Quanto mais soubermos de nós mesmos, mais soluções encontraremos para, se não erradicar, amenizar o efeito da doença na vida social dessas mulheres. As narrativas são histórias reais; nos identificamos com elas, nelas nos fortalecemos, nos aquilombamos.
Se pudesse dar um conselho a alguém que está começando um trabalho de conscientização semelhante, qual seria a lição mais importante que você aprendeu?
Não estamos sozinhos. Há alguém em algum lugar fazendo o mesmo que você…
Não romantize o câncer de mama. A vida só segue porque você existe.



Keila, para quem quiser conhecer mais a respeito do seu trabalho de conscientização e prevenção contra o câncer de mama em mulheres negras, como é possível te contactar?

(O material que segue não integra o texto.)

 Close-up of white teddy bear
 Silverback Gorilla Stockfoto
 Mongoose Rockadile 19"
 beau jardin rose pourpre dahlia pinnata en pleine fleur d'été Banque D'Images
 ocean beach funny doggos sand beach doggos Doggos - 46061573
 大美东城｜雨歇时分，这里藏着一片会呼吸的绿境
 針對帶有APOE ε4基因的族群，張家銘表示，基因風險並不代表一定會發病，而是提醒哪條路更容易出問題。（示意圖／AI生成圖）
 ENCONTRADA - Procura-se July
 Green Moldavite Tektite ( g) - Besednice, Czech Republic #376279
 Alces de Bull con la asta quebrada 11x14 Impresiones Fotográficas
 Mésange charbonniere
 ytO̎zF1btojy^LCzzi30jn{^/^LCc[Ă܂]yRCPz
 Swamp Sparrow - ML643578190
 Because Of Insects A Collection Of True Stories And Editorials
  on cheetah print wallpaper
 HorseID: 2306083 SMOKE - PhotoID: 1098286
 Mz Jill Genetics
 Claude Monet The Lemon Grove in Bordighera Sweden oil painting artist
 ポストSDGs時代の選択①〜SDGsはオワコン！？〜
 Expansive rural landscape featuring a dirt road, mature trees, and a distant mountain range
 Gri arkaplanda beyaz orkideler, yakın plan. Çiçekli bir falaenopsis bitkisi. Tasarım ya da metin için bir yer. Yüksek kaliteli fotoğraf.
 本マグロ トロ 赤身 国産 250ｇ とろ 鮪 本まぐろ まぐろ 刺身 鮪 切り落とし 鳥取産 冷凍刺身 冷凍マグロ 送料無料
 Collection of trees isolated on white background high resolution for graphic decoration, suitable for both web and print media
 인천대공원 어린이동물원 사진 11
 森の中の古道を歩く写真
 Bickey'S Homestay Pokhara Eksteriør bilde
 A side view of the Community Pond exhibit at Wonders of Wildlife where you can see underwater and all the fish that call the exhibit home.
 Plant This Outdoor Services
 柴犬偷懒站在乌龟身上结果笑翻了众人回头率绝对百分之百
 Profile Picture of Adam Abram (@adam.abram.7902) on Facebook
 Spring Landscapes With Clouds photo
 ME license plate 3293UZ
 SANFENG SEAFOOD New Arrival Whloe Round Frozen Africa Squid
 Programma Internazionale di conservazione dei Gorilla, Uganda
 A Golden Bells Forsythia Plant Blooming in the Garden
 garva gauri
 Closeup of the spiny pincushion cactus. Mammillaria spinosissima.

Podem me enviar emails para [email protected]
Por fim, Keila, a última questão é para conhecermos um pouco mais sobre você, seu gostos, preferências, etc. Por favor, deixe aqui, indicações de livros, séries, músicas, podcasts, filmes, peças, o que você quiser!
Gosto de ler, 3 sugestões:
- Cotas Raciais (Lívia Sant’anna Vaz);
- O Pacto da Branquitude (Cida Bento);
- Políticas Públicas de Promoção da Igualdade Racial (CEERT).
Música: Djavan, Emílio Santiago, Alcione, Cartola, Ana Carolina (sou extremamente romântica).
Bebida: Vinho semi seco.
Esporte: Futebol, atletismo, vôlei e basquete.
Agradecemos muito pela atenção concedida pela Keila Candido para esta entrevista.
Agradecemos muito pela sugestão de entrevista feita pelo Instituto Itéramãxe.